In these moments, and generally throughout the game, there's a certain desperation or self-awareness. When so many jokes are delivered at such a relentless pace, it feels perhaps inevitable that High on Life feels like the creators have decided to play it safe by offering a huge amount of comedy in the hope that some of it will catch on. It feels like someone is trying out their tight five on a gagging audience. (The game has a menu button to reduce the amount of irrelevant chatter, but this button feels like a dumb and self-conscious band-aid rather than a solution to a messy design concept.)

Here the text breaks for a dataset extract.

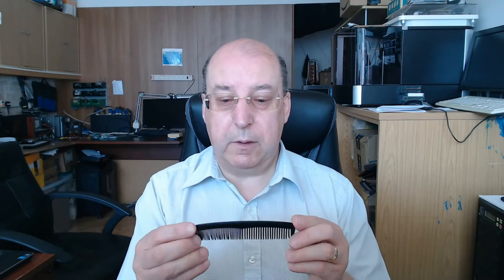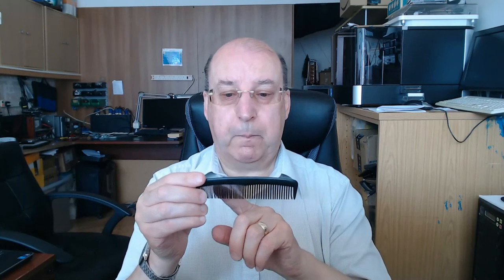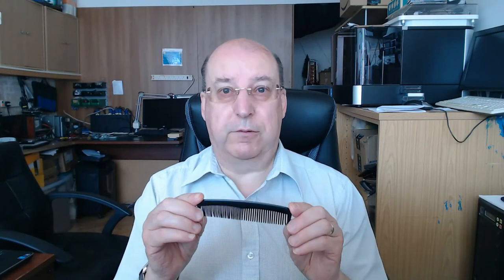The next thing about the comb is it has a back — we call it the backbone of the comb. This can remind us that we have the Word of God as our backbone, as our foundation to help us, to help us stay firm like these teeth positioned in the right place. The Word of God is the truth; it's the backbone and foundation of our faith.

This points to a broader, underlying problem with "High on Life": Roiland's seemingly unintentional humor, marked by stutters and false starts, doesn't fit as well with a quality video game as it does with a deceptively cheap cartoon like "Rick and Morty." "High on Life" is clearly the result of deliberate and careful thought and effort. It's hard to imagine anyone perceiving it as a product of spontaneity, and spontaneity is what Roiland's comedy is all about.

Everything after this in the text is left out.